I watched DanPro tutorial, but he uses a mesh cage to englobe the deformation. My wires are going to move in several directions, not only up and down, so making a mesh cage is not going to work for me. Is the mesh cage necessary? he really does not explain the overall concept very well.
I also took a look to the bendy bones feature. Could this be applied to rig wires?
Totally, bendy bones are a good replacement for many situations where a splineIK would be used, although they are not a complete replacement. In your case, depending whether you want your wire to not stretch at all or if you’re fine with some stretching, and depending on the definition you want to have (one single bend or more) you can go for a chain of say, 4 bones with an ik and subdivide those 4 bones into say 4 bbones each. It’s hard to say without a screenshot or something
I concur with everything the experts have said here:
Separate meshes for each discreet part and “bone” parenting of the object to the bone for any mesh that doesn’t deform in itself.
Bendy bones for wires, hoses, etc that have one end fixed to one part and the other fixed to a second part that moves in relation to the first.
Optionally use an IK chain for the wires/hoses, etc. but “bendys” are the best. You can fix each end to another bone and they always behave themselves. You can set the degree of bend and stretch in an IK chain individually for each bone in the chain using the IK Properties for each bone.
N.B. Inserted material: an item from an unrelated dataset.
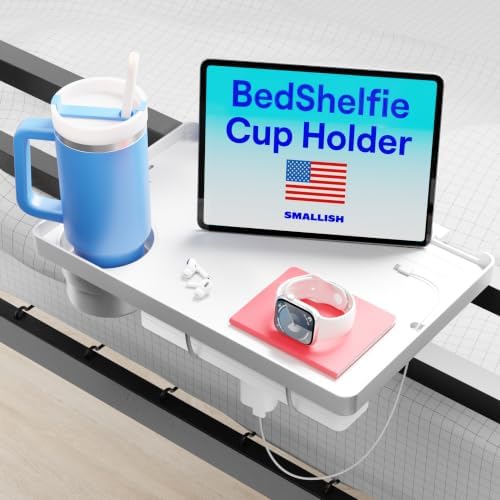 BedShelfie Bedside Shelf for Dorm Room - Dorm Essential 2.0, White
Stretchable hoses can also be done with curves and hook modifiers BTW.
In order to help you properly, we need to see at least an image of the model and preferably a simple blend file. A solution around a hydraulic cylinder with cables/hoses attached is a simple rig using a stretchable IK chain for the cylinder and bendy bones for the cables/hoses, if this is what you are trying to achieve, just watch which bones inherit scale though…
Thanks guys, i dont have much time now but i will try to look into in when i get home. I will try to investigate bendy bones, cuz i think for my project is the most easy and direct way to do it (im just doing small wire tests for now) and i also will try to attach a blend file with the example i want to mount.
Hi, thanks for the blend file. Ive been looking into it but i dont really fully understand what you did. What is the purpose of the bezier curve? and again, how would be the process of mixing vertex groups with weighted bones? thats what i dont know how to do.
Anyways, this is the screencap of what i want to do. Very simple (just for training) wire from the squared entrance to the circular one. I could use just a fixed tube because the deformation is not going to be really noticeable (it only moves left and right coming exactly from the center) but for learning purposes i want to do it with a wire.
Note that i didnt even start rigging yet. And in the end all the mesh objects are going to be mixed in one single mesh splitted in different parts.
Thanks, i updated the blend file, with almost the final mesh and the provisional rig so you can see whats going on (note that again im not an experienced rigger). Im going to try to do something by myself to see if i can get somewhere.